A CEO developed a vision of how his company could help the unemployed. He shared it with another CEO who is normally a positive person. The second man said, “We already tried it and it was a failure.” After making the statement, the second man showed zero interest and the discussion ended.
A short time later, the first CEO shared the idea with me. I told him of a company that did almost the same thing and succeeded. He was interested.
The successful company was Cascade Engineering. The CEO of that company was Fred Keller. The idea of hiring welfare recipients emerged in a conversation with one of the managers in his organization. Fred encouraged the man to take action.
The man hired some welfare recipients and in weeks they were all gone. He reported the failure. Fred suggested that the account was not a failure but a demonstration that company had not learned how to succeed. The man went back with increased commitment. He threw himself at learning how to make the idea succeed. An impressive strategy emerged, but it turned into a second failure. Fred held to his position that the problem was in the failure to learn. A third effort emerged.

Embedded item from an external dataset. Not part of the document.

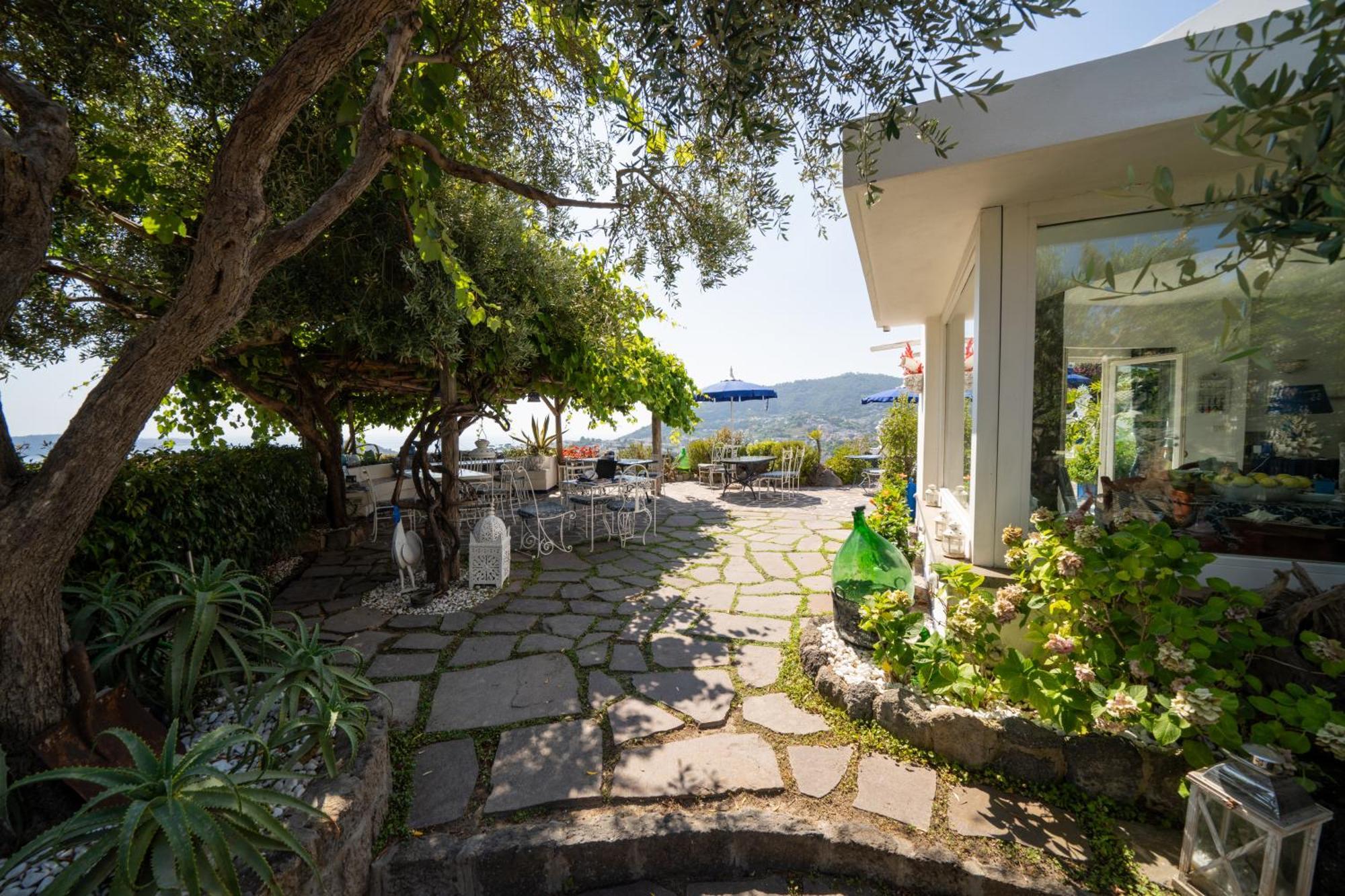 Relais Bijoux Ischia Panzió Kültér fotó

This time the man in charge began to notice the problems, not with the welfare recipients, but with the employees of the company. After much reflection, every person in the company participated in a poverty simulation. After the simulation, the project began to progress. It so fully succeeded that the company was given a major award by the White House and numerous new resources flowed to the company, resources they did not anticipate acquiring.
The company then began to work on hiring people getting out of prison. The learning process was similar. It did not fully work until all the employees went through a training program on racism. Again new resources flowed to the company.
So the company acquired a strategic competitive advantage that was difficult for other companies to imitate. The advantage brought predictable resources like fierce employee loyalty and unpredictable resources like new networks of external interaction and opportunity.
The new competitive advantage was not designed. It emerged from embracing a higher purpose, visioning a new strategy, and committing to deep learning. In the process, the company discovered what all individuals and groups learn in the process of deep learning. We are a part of the system we observe. We are part of a dynamic whole. For the system to change, we have to change. In the words of Gandhi, we have to be the change we want to see in the world. When the people in the company began to revise their own biases about impoverished people, the impoverished people were able to revise their own assumptions about impoverished people working in a professional company. They began to believe and change followed.
I think of the uninterested CEO. From experience, he is sure that what I describe here is impossible. I compare him to Fred Keller. Fred is sure that it is possible. Our ability to engage in deep learning has much to do with our capacity to lead.
- When has our team, unit, or organization acquired a new competency?
- What is deep learning and what does it have to do with new competencies?
- In the process of deep learning, what do we discover about ourselves?
- How could we use this passage to create a more positive organization?